While a private non-operating foundation generally cannot receive a qualified charitable contribution from an IRA, a private non-operating foundation that elects to meet the conduit rules may receive such contributions.
Who can take advantage of the retroactivity to January 1, 2015?
The law is retroactive to January 1, 2015, but the retroactivity only applies for donors who directed an IRA distribution directly to charity in 2015 or who meet the special rules for December distributions described below. Some professional advisers advocated in 2015 for individuals to direct IRA distributions directly to charity in hopes that the IRA charitable rollover would be extended again. The professional advisers made this recommendation because there was relatively little downside if the donor’s inclination was to make the charitable gift regardless of whether it received the favorable treatment of the IRA charitable rollover. The rationale was that if an individual made the IRA distribution directly to an eligible charity and the IRA rollover was enacted retroactively later in the year, the individual could treat it as an IRA charitable rollover. The rationale continued that if the IRA charitable rollover was not enacted retroactively, the individual would just treat the IRA distribution as income and take a corresponding charitable deduction.

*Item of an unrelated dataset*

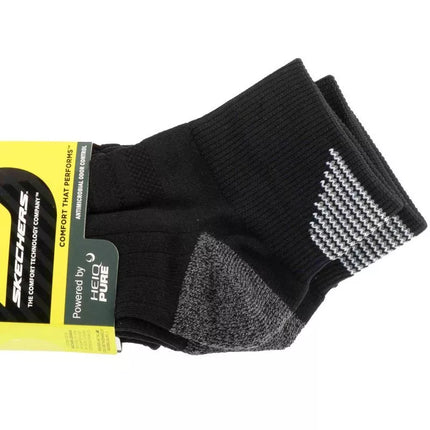 Skechers 3pk Mens 1/2 Terry Qtr Crew Socks S114662-HBLK Black 41-46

Who is eligible to treat IRA distributions made January 1–December 31, 2015, as an IRA charitable rollover?
Individuals whose IRA distributions were made directly to an eligible charity may treat the distribution as a 2015 IRA charitable rollover. All of the regular restrictions applicable to IRA charitable rollovers regarding age and limits still apply. Individuals who personally received the distribution from their IRA rather than directing the distribution to an eligible charity may not treat the distribution as a 2015 IRA charitable rollover.
Who is eligible to treat IRA distributions made December 1– December 31, 2015, as an IRA charitable rollover?

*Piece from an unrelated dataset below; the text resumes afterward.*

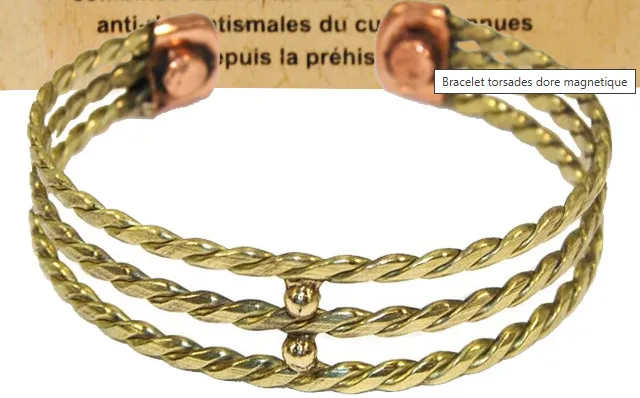 Bracelet torsades dore magnétique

Individuals whose IRA distributions were made directly to an eligible charity (and met all other requirements) may treat the distribution as a 2015 IRA charitable rollover. In addition, individuals who personally received an IRA distribution in December 2015 may treat that distribution (or a portion thereof) as a 2015 IRA charitable rollover if the individual transfers the amount in cash to an eligible charity by December 31, 2015. The Treasury Department and IRS may issue guidance regarding the details of such transfers. If such guidance is issued, we will update you.
Did the IRA Charitable Rollover passed in 2015 include an extension date into January 2016?

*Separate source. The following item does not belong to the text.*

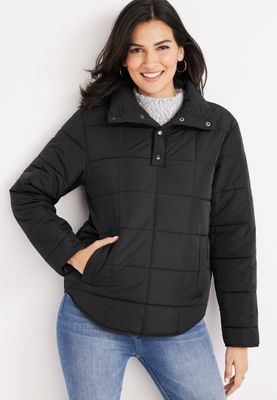 Pullover Snap Button Puffer Coat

No. In 2012, the IRA Charitable Rollover extension was passed to include an extension date. It stated that distributions made from January 1, 2012 - January 31, 2013 would be recognized for the 2012 tax year. The December 18, 2015 PATH Act did not include this language. Therefore distributions must be made by December 31 of a given tax year to be included in that tax year.
This information is based on our continuing analysis of the relevant legislation and regulations. We make every effort to ensure accuracy of this document. The information is not a substitute for expert legal, tax, or other professional advice, and we strongly encourage grantmakers and donors to work with counsel to determine the impact of this legislation on their particular situations. This information may not be relied upon for the purposes of avoiding any penalties that may be imposed under the Internal Revenue Code. Revised December 22, 2015.